The Postal Service has managed its mix of short- and long-term debt to lower its interest expense over time. As a result of this strategy and lower interest rates, annual interest expense on Postal Service debt remains lower than it was during much of the 1990s. Current interest expense is but one of the potential costs associated with debt. However, the fact is that Postal Service debt-the obligations that are subject to interest and principal payments-almost doubled between the ends of fiscal years 1997 and 2001, from $5.9 billion to $11.3 billion. While interest rates may or may not remain relatively low, a more important consideration is that the increase in debt, however necessary to preserve liquidity, has also increased financial risk by adding to the obligations of the Postal Service. In light of risks to mail volume growth, which create risks to cash flow, the Postal Service's capacity to service growing debt is limited.
The Postal Service has attempted to determine an appropriate debt level. The Postal Service has considered various means of evaluating its debt ceiling, including post-1992 revenue growth, asset growth, and inflation. Such analysis has major drawbacks, however, because it assumes that the debt ceiling of $15 billion was optimal when instituted in 1992; and the analysis does not assess the future risks facing the Postal Service. By remaining within its $15 billion debt limit, the Postal Service can limit the risks it carries into administrative and legislative transformation.
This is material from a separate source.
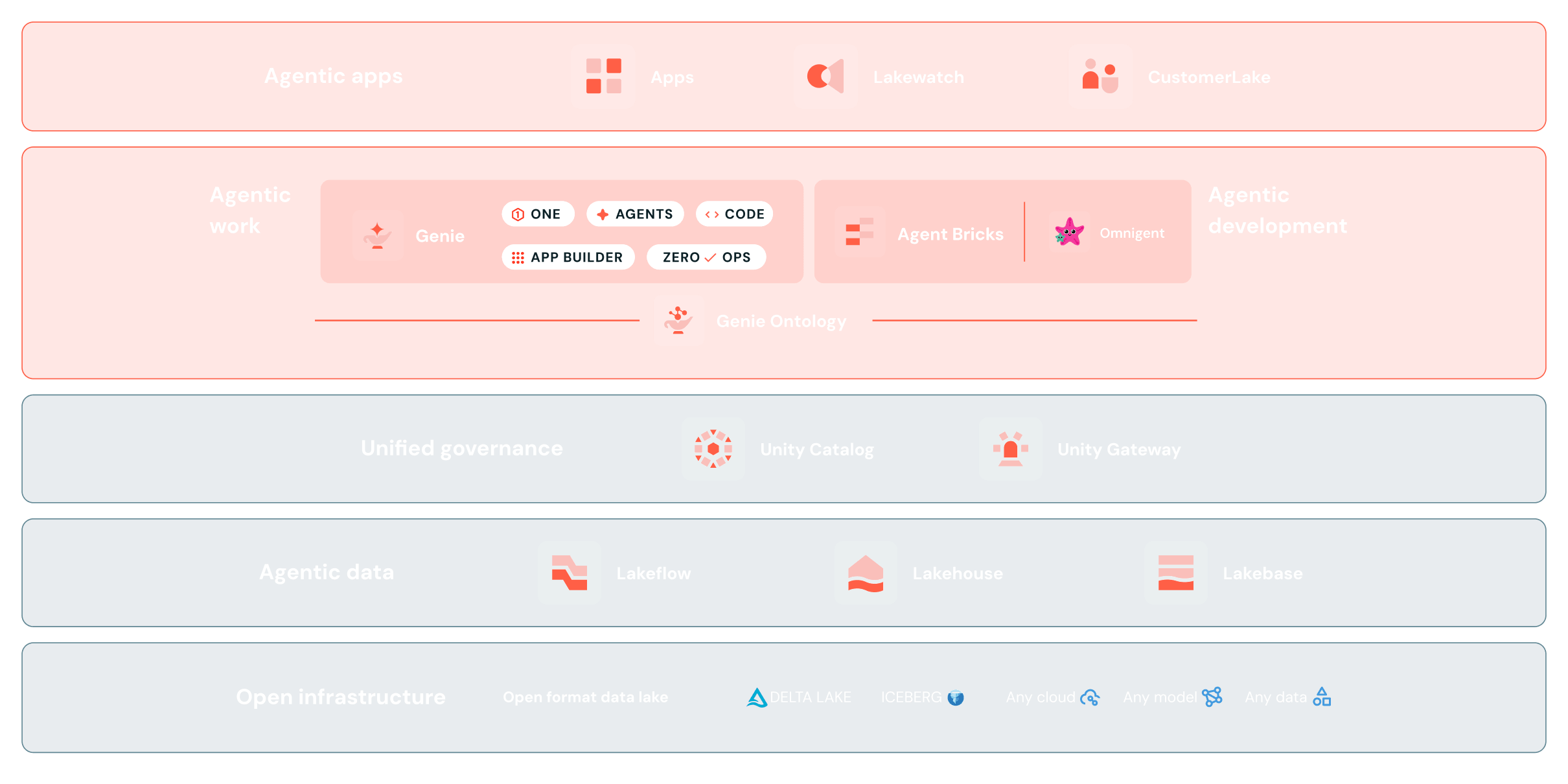 header-image-product-platform-updated-image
As mentioned earlier, the change in debt is largely determined by the difference between cash flow from operations and capital cash outlays. Since cash flow from operations is linked to net incomes (losses), stabilizing and reducing debt will require that the Postal Service recover its prior year losses and carefully plan its capital cash outlays so they do not exceed cash flow. As the past two fiscal years have demonstrated, the Postal Service cannot simultaneously generate net losses and reduce its borrowings.
As a final point, the consequences of running out of cash far exceed the costs of increasing debt. Therefore, the Postal Service will do what is necessary to keep from running out of cash, even if doing so means accepting a temporary increase in its statutory debt limit. Under such an outcome, the Postal Service would seek to reverse the temporary increase in debt, and resume its strategy of keeping its debt below $15 billion, while reducing outstanding debt.
By reducing outstanding debt, by remaining within its $15 billion debt limit, and by managing its interest expense, the Postal Service can limit the risks it carries into administrative and legislative transformation.
Metrics
Amount of debt and interest expense
Interdependencies
The Postal Service's ability to apply cash flow toward debt reduction requires both recovery of prior year losses and some limits on capital investments.